At this point, I will explain some basic terms as a refresher, and also cover what's new here. All of this is explained in much more detail at the web pages linked to the right under "Tempo-Free Stats 101." Feel free to skip ahead if this is all familiar.

Possession-based (tempo-free) statistics is a concept in basketball going back at least as far as Frank McGuire, and is useful for comparing players and teams who operate at different paces, or speeds of play. A possession ends either by a made basket (including some made FTs), a turnover or a defensive rebound - that's it, that's the list. Offensive rebounds don't create new possessions, only prolong the current one. If you use this definition, two teams will end up with either the same number (± 1) of possessions at the end of any game; since possessions go back-and-forth, it must be so. The equation for estimating total possessions per team per game is floating in various forms around the internet, but I will add to the clutter:

Possessions = FGA + 0.44 * FTA - OReb + TO

Since this formula is only an estimate of the actual number of possessions, I find that it is best to solve for each team, then take the average.

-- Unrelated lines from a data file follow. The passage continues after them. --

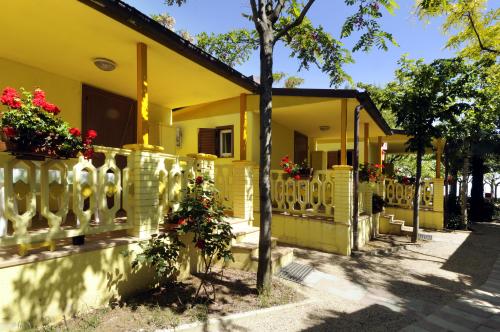 International Camping Torre di Cerrano - Masonry Bungalow - one room - Photo 2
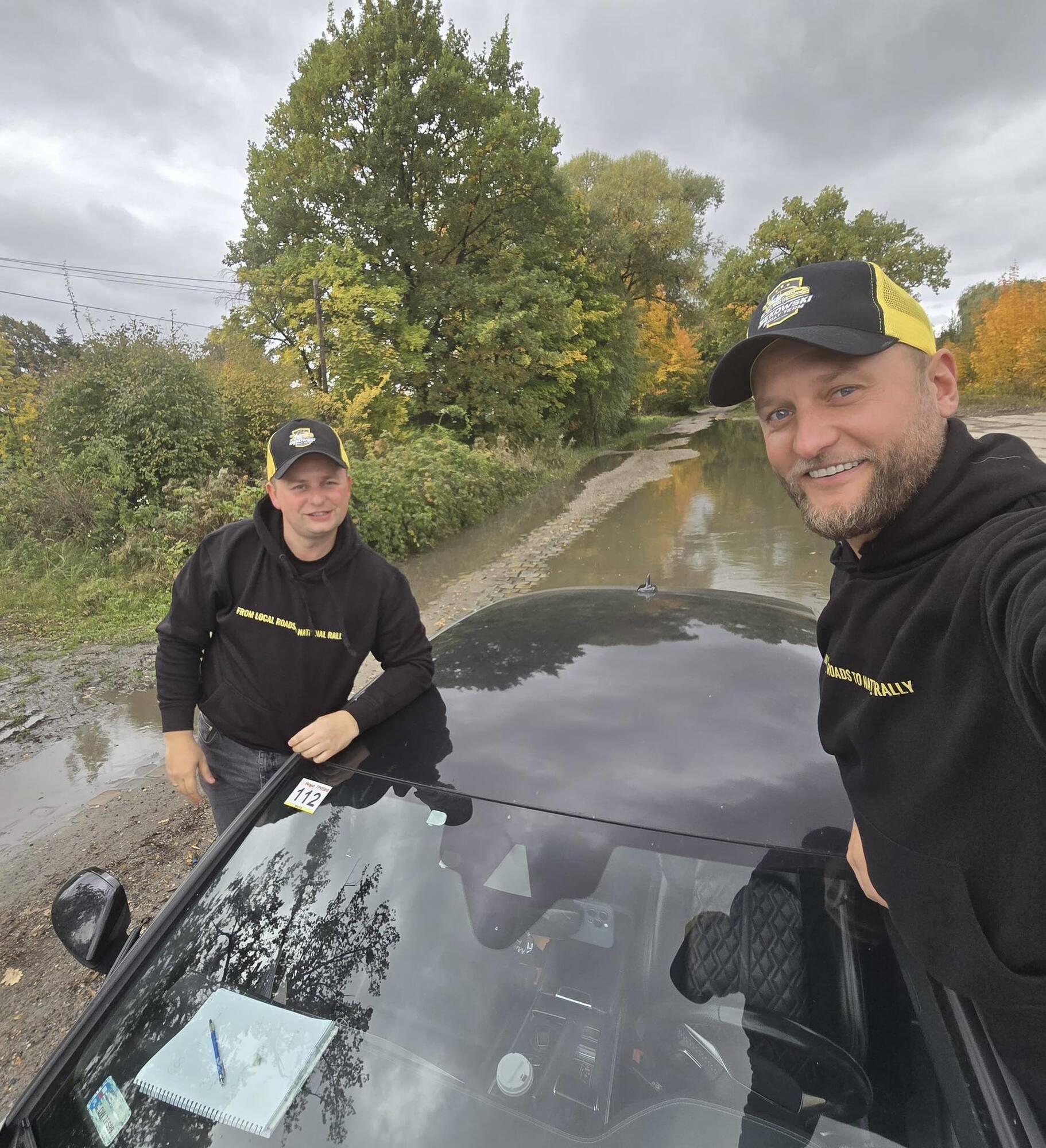 В Польше пилот-чемпион сгорел заживо во время аварии на ралли. Видео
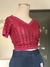 Camiseta cropped crochê pink e vermelho - comprar online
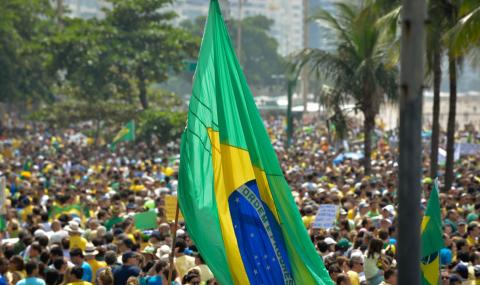 Хиляди протестираха в Бразилия - 1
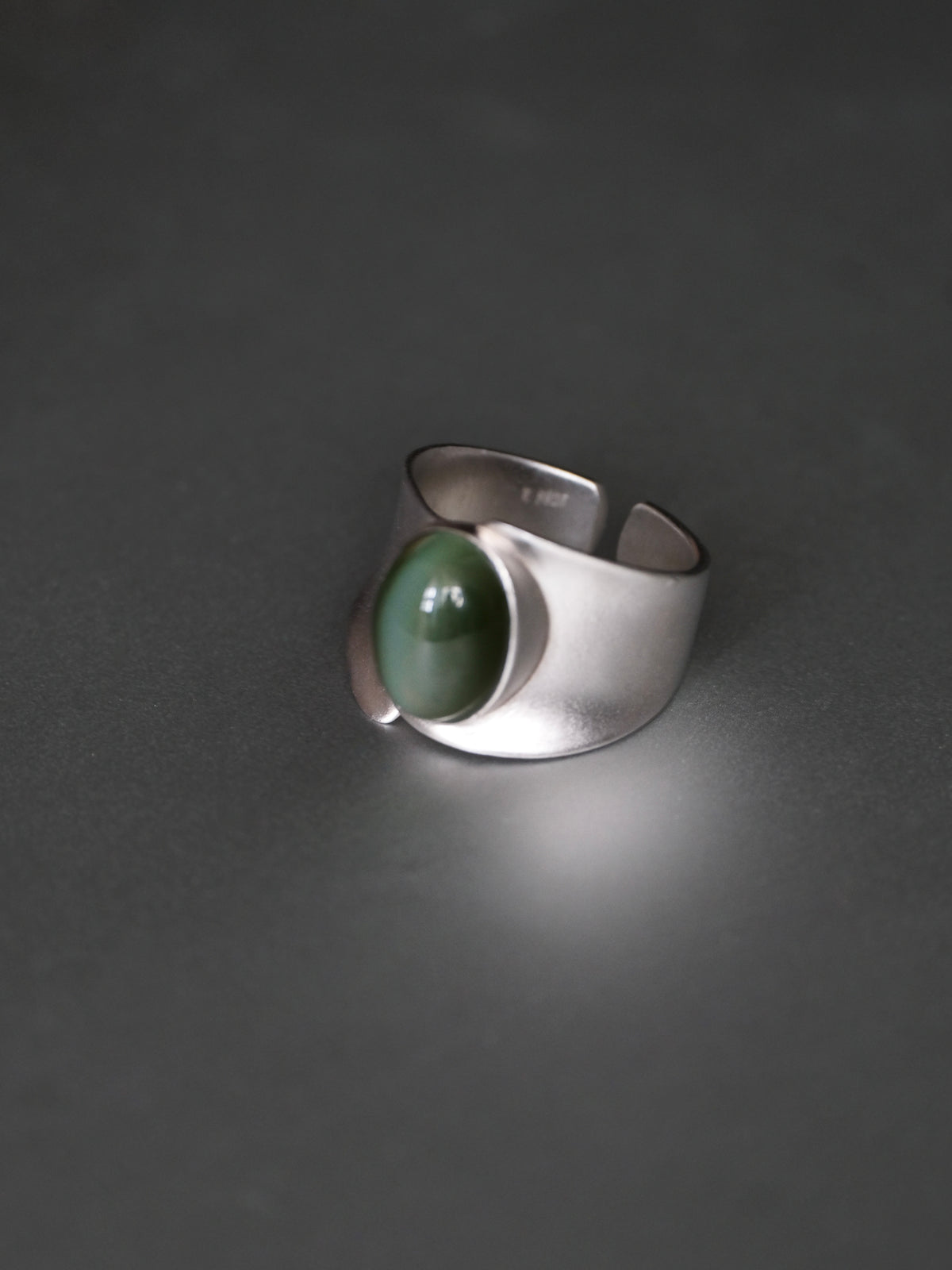 Yùn · Lucky Streak Cat's-Eye Nephrite Jade Ring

Any team's (or player's) stats should be instantly comparable to any other with a per-possession system, since what is expressed is team (or player) efficiency rather than counting stats.

Offensive (and defensive) efficiency is a team statistic expressed in the units of points per 100 possessions (why per 100 possessions? so there aren't so many digits to the right of the decimal). This statistic is rather simple to calculate, once you've worked out how many possessions have been played with the equation above. Ken Pomeroy, one the populists of tempo-free stats, has an additional version of this stat, called adjusted off. (or def.) efficiency. Here, he attempts to weight points per possession based upon quality of opposition.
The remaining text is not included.